Thursday, October 19, 2006

Because sometimes, courage is rewarded, and hope is justified.

Yesterday was the 25th anniversary of one of the most courageous political decisions ever made.

The 25th anniversary of a profoundly moving speech by a great man, a lawyer, speaking out in the great French Senate.

The 25th anniversary of Robert Badinter’s hard-won victory after a lifelong war against the barbarity also known as the death penalty.

25 years, and despite charming rumors spread by loving friends of France and Europe such as Fox News (fair and balanced, remember?), France is a place of order. And Europe, where the great principle of the interdiction to ever condemn anyone to the death penalty or execute any criminal is written in the funding charter...

Well, Europe, much to the chagrin of all the fervent defenders of the death penalty, is a place of peace.

No, the abolition of this barbaric practice doesn’t invite chaos. It doesn’t invite criminals to multiply and commit even more atrocious crimes, feeling invincible and unafraid of the judicial system. Only fools believe that the death penalty is a solution. Only fools believe it has the effect of lessening the crime rates—fools, and all those who refuse to think, to have anything other than simplistic answers to problems--simplistic answers but no true solutions.

The death penalty doesn’t help contain crime. It’s the opposite. Violence calls for more violence. Blood calls out for blood. Death calls out for death.

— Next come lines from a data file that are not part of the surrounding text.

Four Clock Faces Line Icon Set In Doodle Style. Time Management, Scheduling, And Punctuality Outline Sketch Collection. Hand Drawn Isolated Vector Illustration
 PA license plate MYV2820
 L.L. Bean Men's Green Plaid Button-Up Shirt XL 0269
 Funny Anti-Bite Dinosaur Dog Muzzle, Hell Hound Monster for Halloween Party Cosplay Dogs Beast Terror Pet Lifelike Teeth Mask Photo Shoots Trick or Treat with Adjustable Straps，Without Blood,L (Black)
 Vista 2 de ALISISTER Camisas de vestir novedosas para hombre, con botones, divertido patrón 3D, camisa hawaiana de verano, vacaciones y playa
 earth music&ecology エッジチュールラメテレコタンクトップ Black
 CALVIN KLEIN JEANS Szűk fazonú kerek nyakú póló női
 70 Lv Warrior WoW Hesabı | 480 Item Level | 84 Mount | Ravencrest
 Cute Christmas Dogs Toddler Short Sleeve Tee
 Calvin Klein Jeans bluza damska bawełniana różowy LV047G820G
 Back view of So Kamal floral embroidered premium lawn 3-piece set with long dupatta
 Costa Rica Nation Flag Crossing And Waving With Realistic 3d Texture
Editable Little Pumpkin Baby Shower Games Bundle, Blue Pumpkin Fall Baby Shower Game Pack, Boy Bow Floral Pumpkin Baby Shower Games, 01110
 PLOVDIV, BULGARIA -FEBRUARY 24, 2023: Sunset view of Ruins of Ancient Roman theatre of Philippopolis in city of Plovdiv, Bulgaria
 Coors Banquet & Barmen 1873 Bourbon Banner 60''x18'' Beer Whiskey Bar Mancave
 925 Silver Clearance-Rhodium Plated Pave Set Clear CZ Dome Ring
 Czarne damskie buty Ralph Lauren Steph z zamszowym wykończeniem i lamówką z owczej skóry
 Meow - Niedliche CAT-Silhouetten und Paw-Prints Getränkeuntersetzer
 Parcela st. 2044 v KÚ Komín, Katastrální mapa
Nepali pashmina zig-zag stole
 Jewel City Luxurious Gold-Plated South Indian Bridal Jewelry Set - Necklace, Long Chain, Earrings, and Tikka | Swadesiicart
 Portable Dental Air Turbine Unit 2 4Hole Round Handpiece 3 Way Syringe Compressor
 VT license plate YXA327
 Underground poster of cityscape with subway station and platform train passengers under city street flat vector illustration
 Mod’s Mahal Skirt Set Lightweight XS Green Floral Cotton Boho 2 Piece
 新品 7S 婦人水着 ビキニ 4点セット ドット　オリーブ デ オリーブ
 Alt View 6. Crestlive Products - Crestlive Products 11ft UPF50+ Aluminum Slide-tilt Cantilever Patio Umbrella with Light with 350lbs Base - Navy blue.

And even of you don’t believe that, if you refuse to bow to the numbers and conclusions of many studies on the subject, then consider this: how many innocents were in extremis rescued from the death row on the eve of their scheduled executions? How “perfect” is this joke of a judicial system the US boasts as the best in the world? How perfect is it, when it will spare those with wealth and condemn those who neither have the means, nor the right looks, regardless of whether they’re actually guilty of the crime they’re accused of?

Ah, I see you’re pissed at me now, dear reader from the US. Please, be angry. Then, once the red veil of anger has lifted from your eyes, ask yourself why a Republican governor, in favour of the death penalty, has declared a memorandum on the death penalty in his state, thus forbidding this sentence to be passed?

Why, it is because that Republican governor is a brave man who dared look at the ghosts haunting the antechamber of death, because he dared turn his gaze toward the guests of his prisons’ death rows. And the number of innocent people waiting there to be butchered like animals unsettled him so much that he had to take a stand.

When you have a judicial system as unreliable as the one prevailing in the US, how can you even consider applying the death penalty?

Ah, because you think it works. Wrong answer. It doesn’t.

Because feeding inmates and housing them costs way too much taxpayer money. Hmmmm, well, that may be true. So, why not be coherent, and kill anyone found guilty of anything? Waste of good people’s money, the whole lot! Oh, and the old people, such a strain on the social system! Should be dead by 70 anyway, so why keep them? And the physically or mentally handicapped? No use to society either, and also a big, big financial expense for the poor tax payer. Away with them all, mate!

Disgusted yet? Good.

No matter how you try to rationalize it, there is no argument that will hold in favour of the death penalty. Try all you want, they will not resist solid argumentation. Of course, as a crowd, people like to see blood, people like vengeance, people love slowing down and causing gigantic traffic jams on the freeway just so they can have a chance of catching sight of dead or, better, agonizing people in a car accident just in the other lane...does that mean we should all go back to Circus Maximus, get ourselves some lions, and good scapegoats, or criminals to be thrown in and fed to the beasts for our own animal pleasure (prime time required, Fox News already has a slot ready for the moment it’ll be reinstated)?

There is no justification for society deciding to kill someone. Guilt is never whole, never absolute and perfect. And to kill is to put oneself at the same level as the killer. No matter how you want to sugarcoat it, taking a life is taking a life. There is no rationalizing over this, no looking for clever words and witty phrases.

When society kills, it debases itself. It becomes no better than the one it passes judgement upon. And in effect, it becomes unfit to pass judgement. It loses any moral high ground it might have had.

The abolition of the death penalty in France was voted against popular opinion. 66% of the French population was for the death penalty. Today, 25 years and a full generation later, only 30% are still in favour of it. As always, the truth speaks for itself.

Europe can be proud of having written the interdiction of the death penalty in its funding charter. The far-right, religious extremists of Poland be damned! They can leave Europe, if they want to revel in obscurantism and barbarity. Good riddance.

Europe can be proud. As can France. As can Mr Robert Badinter. Courage and persistence prevailed, 25 years ago. Of all the things the left’s victory in 1981 brought to France, this one is certainly the most beautiful.

Now, dear US politicians, dear US citizens, who among you will have the courage to bring the issue forward?